Zhou Zhi dijo con calma: —Es raro encontrar a alguien tan enamorado. En este mundo hay muchos hombres con mujeres a diestra y siniestra. Son muy pocos los que se entregan a una sola persona.
Su Xiaolu frunció el ceño. Se frotó la nariz, aún incómoda por la caótica mezcla de olores. Empezó a inspeccionar la habitación.
Esa caótica mezcla olía a peste, a incienso… y a un levísimo hedor a cadáver.
Su Xiaolu lo examinó todo con cuidado. Tenía la sensación de que el origen de la peste podía estar aquí, pero no había nada especial en aquella habitación contigua.
El suelo estaba muy limpio. Las mesas, las sillas y los armarios estaban muy limpios. Los jarrones y los biombos también estaban impolutos. El incienso estaba junto a la cama y su fragancia no era intensa.
Las cortinas de la cama estaban recogidas a ambos lados y la ropa de cama del centro estaba pulcramente doblada.
Su Xiaolu no tenía intención de marcharse, así que Zhou Zhi no dijo nada y se limitó a mirar a su alrededor.
El Ministro Li mantenía la vista baja y no establecía contacto visual con Su Xiaolu y Zhou Zhi. Si le preguntaban algo, respondía. Si no, permanecía en silencio.
Su Xiaolu y Zhou Zhi permanecieron en la habitación. Tras inspeccionar durante un buen rato, el Ministro Li preguntó: —También están la cocina y dos cobertizos.
Su Xiaolu frunció el ceño. De verdad que no podía encontrar nada anormal, pero podía percibir que el olor de allí era extraño y que toda clase de aromas la estaban asaltando. Ya empezaba a sentir la nariz un poco molesta.
La cocina era el lugar donde se cocinaba. Estaría bien ir a echar un vistazo. Su Xiaolu asintió hacia Zhou Zhi.
Zhou Zhi salió y dijo con calma: —Entonces, vayamos primero a echar un vistazo a la cocina.
El Ministro Li los siguió. Al salir, Zhou Zhi miró hacia atrás. Su Xiaolu también se giró para mirar, con curiosidad.
El Ministro Li no se percató de ello y cerró la puerta con mucha delicadeza. Su mirada era apacible.
Su Xiaolu miró a Zhou Zhi.
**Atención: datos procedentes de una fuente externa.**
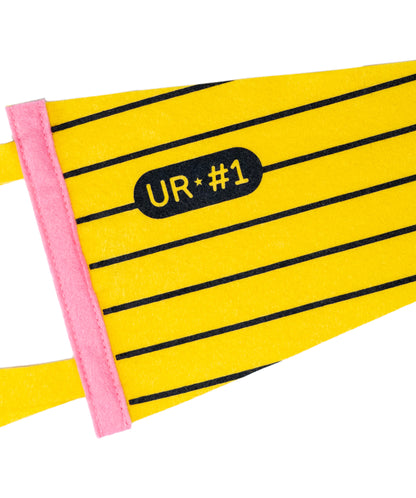 Pencil Pennant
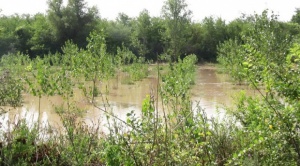 Наводнено е село Априлово, евакуираха хора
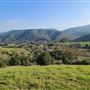 Santa Cruz Mountains/Santa Clara Valley Vineyard/Victorian Location - Gilroy, CA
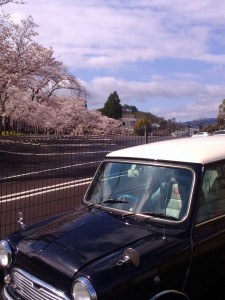 仁和寺　駐車場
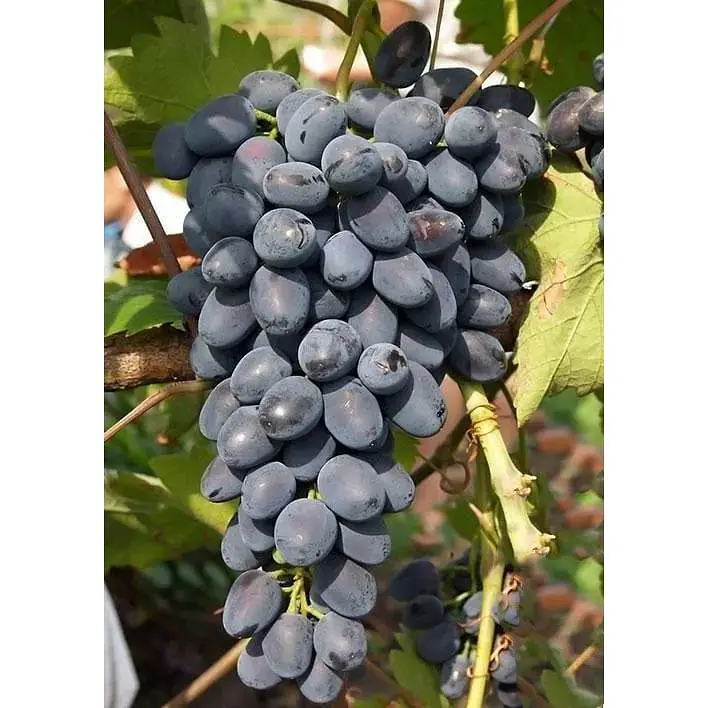 Саженец Agro-Market Виноград Надежда Азос (средне-ранний срок созревания, воплощение мечты о богатом урожае) 1 шт. в упаковке (20371) - фото 3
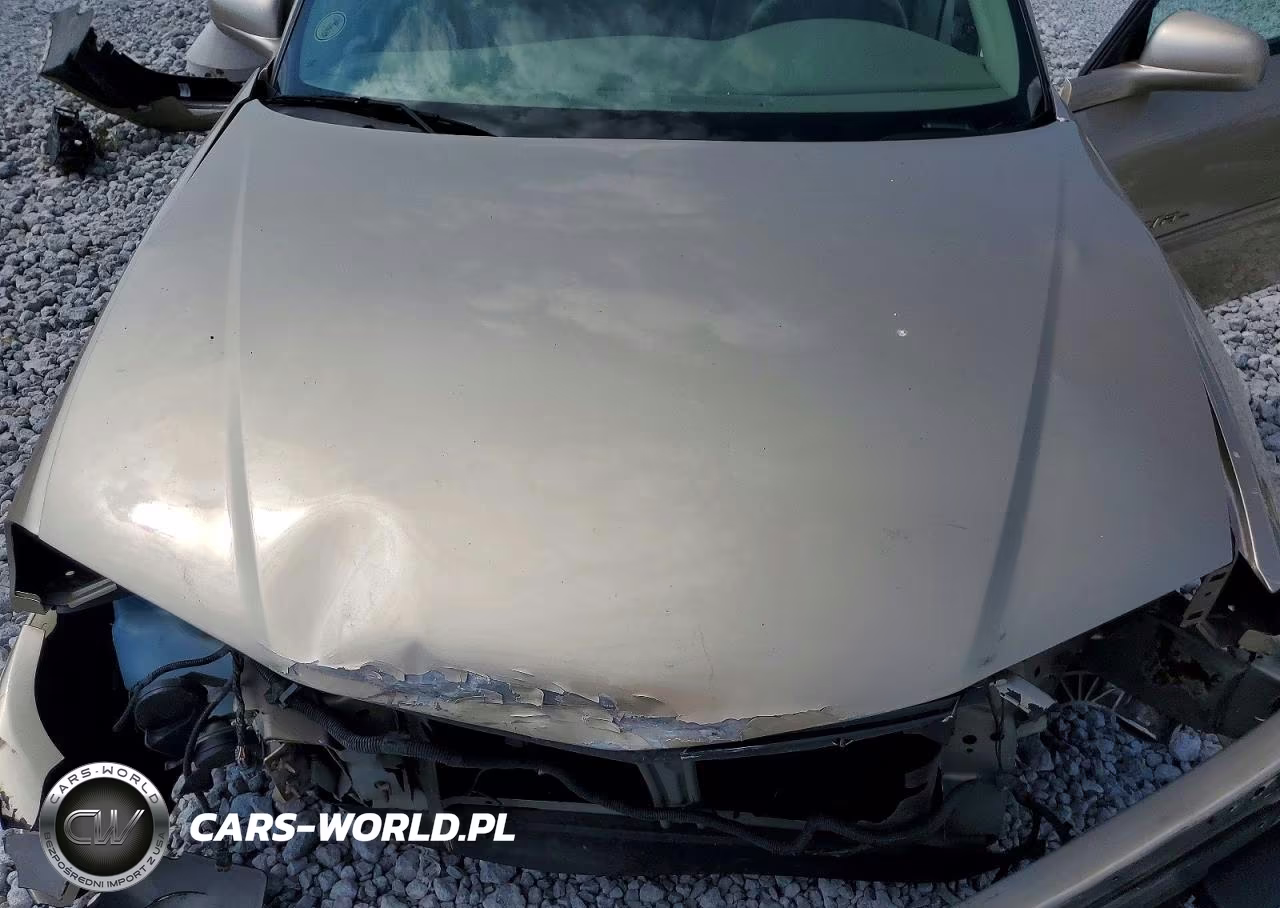 2004 Chevrolet Impala Ls VIN:2G1WH52K949230302 - 11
Ambos intercambiaron una mirada y no dijeron nada, pero los dos sabían que había algo anormal en esa habitación contigua.
Fingieron que no pasaba nada y siguieron hacia la cocina.
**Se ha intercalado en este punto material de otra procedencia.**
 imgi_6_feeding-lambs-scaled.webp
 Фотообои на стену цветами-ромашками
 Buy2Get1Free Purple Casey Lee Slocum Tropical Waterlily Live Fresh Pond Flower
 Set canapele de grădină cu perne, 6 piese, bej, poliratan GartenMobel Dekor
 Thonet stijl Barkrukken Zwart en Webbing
En la cocina no había nada especial. Solo una simple olla y un fogón. Los cuencos y los palillos estaban colocados ordenadamente.
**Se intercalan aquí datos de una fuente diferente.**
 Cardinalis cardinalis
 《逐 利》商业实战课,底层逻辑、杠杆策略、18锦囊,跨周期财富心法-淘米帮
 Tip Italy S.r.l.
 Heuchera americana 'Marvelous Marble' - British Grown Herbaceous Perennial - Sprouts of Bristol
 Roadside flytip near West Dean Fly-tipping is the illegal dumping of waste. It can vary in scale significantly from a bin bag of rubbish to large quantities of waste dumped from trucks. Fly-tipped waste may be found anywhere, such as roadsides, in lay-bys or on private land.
Tras la inspección, el Ministro Li cerró la puerta. Soltó un suspiro de alivio y se dispuso a despedir a Su Xiaolu y a su acompañante.
Al pasar por la habitación contigua, Zhou Zhi se detuvo en seco. —Echemos otro vistazo a esta habitación.
El Ministro Li hizo una pausa por un instante antes de abrir la puerta.
Ante el poder imperial, naturalmente no podía resistirse.
En cuanto abrió la puerta, una tenue fragancia se escapó. Con la puerta cerrada, era imposible olerla.
Zhou Zhi alargó la mano y palpó la puerta. —Ministro Li, esta puerta no está nada mal.
El Ministro Li bajó la cabeza y se inclinó ligeramente, sin decir nada.
Su Xiaolu entró detrás de Zhou Zhi y empezó a inspeccionar con cuidado. Tenía que haber algo raro en esa habitación, pero aún no lo había encontrado.
La habitación contigua no era grande. Solo había dos armarios, una mesa, un tocador y una cama. ¿De dónde provenía ese leve hedor a cadáver?